Member of the Legislative Council of Western Australia
- In office 7 February 2000 – 11 August 2008
- Constituency: North Metropolitan Region

Personal details
- Born: 21 February 1959 (age 67) Camberwell, Victoria, Australia
- Party: Labor Party
- Spouse: Mandy
- Education: BA MA
- Profession: Industrial Officer CFMEU

= Graham Giffard =

Australian politician

Graham Thomas Giffard (born 21 February 1959) is an Australian politician.
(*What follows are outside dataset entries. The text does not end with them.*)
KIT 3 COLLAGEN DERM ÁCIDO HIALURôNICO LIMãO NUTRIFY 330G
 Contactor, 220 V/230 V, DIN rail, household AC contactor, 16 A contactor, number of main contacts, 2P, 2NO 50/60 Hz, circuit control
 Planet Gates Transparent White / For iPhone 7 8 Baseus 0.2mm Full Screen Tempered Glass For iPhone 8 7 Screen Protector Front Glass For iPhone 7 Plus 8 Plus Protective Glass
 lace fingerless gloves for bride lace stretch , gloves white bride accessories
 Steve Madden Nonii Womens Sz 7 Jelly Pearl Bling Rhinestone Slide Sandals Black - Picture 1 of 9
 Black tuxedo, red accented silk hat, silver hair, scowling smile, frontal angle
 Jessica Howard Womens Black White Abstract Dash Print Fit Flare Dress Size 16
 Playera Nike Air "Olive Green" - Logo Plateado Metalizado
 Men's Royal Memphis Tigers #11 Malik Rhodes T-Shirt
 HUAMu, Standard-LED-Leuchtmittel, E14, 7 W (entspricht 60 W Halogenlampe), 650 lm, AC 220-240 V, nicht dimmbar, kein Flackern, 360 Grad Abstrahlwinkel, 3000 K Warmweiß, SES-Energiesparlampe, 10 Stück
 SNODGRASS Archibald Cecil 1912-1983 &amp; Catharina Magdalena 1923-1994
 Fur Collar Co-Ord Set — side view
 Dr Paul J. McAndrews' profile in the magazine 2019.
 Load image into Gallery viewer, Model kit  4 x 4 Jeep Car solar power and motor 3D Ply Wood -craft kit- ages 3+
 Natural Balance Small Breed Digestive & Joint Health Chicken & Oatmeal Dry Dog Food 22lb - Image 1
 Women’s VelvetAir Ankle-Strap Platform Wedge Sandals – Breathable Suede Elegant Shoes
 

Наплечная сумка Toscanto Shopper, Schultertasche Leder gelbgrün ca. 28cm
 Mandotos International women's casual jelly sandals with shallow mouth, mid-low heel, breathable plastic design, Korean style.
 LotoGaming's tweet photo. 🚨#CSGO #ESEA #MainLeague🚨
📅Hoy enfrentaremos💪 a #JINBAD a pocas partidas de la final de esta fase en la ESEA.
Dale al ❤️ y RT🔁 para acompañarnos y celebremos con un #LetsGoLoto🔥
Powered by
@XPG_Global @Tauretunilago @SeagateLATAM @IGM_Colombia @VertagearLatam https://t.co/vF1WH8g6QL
He was a Labor member of the Western Australian Legislative Council from 2000 to 2008, representing the North Metropolitan Region.

Born in Camberwell, Victoria, Giffard moved to Western Australia in 1981 and joined the Labor Party in 1986. For two years he worked for the member for Fremantle, John Dawkins and then another two years for secretary of the Cabinet, Bill Thomas.

For the following eight years Giffard worked for the Builders Labourers Federation.

He was first elected to Parliament in February 2000 on a countback for the South Metropolitan Region after the resignation of John Halden, and subsequently re-elected to the North Metropolitan Region in the 2001 and 2005 state elections he is a member of the Labor Party.

Giffard resigned his seat on 11 August 2008 to stand as the Labor Party candidate for the Legislative Assembly district of Swan Hills at the 2008 state election. He was defeated by Liberal Party candidate Frank Alban.